Architect and developer Cary Tamarkin is a man both out of step with time and totally in sync. He doesn’t own a smartphone, he believes “technology will ultimately be the ruination of our society,” and he plays bluegrass and other “old timey tunes” on banjo and mandolin. And yet, Tamarkin’s prescient real estate investments have led to a thriving—and lucrative—career.

Purely an architect until he was 35, Tamarkin decided he didn’t want to be a “starving artist [his] whole life,” so he invested in an abandoned warehouse in the West Village in the early ’90s. When he made $1 million in return, he knew he was suited for his new dual identity.

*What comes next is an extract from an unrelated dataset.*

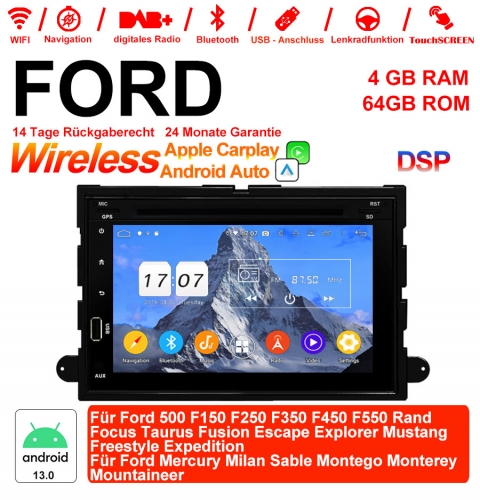 7 Zoll Android 13.0 Autoradio/Multimedia 4GB RAM 64GB ROM Für Ford 500 F150... Rand Focus Taurus Fusion Escape Explorer Mustang Freestyle Expedition..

In 2008, when the High Line was only an idea, he developed and designed the building at 456 West 19th Street, which epitomized Tamarkin’s classic style with its hand-laid black brick exterior and large steel windows. He has since built a number of condominiums (Tamarkin hates the word “condo”) near the High Line, including the Béton Brut concrete building at 508 West 24th Street and the upcoming 550 West 29th Street project. Tamarkin believes his commitment to doing things the old-fashioned way and his sensitivity to fitting into the urban fabric have made him a favorite of the NYC Landmarks Preservation Commission and the Board of Standards and Appeals. This belief is backed up by buildings like 47 East 91st Street, the first new residential building in Carnegie Hill to have been approved by the NYC Landmarks Preservation Commission in more than 50 years.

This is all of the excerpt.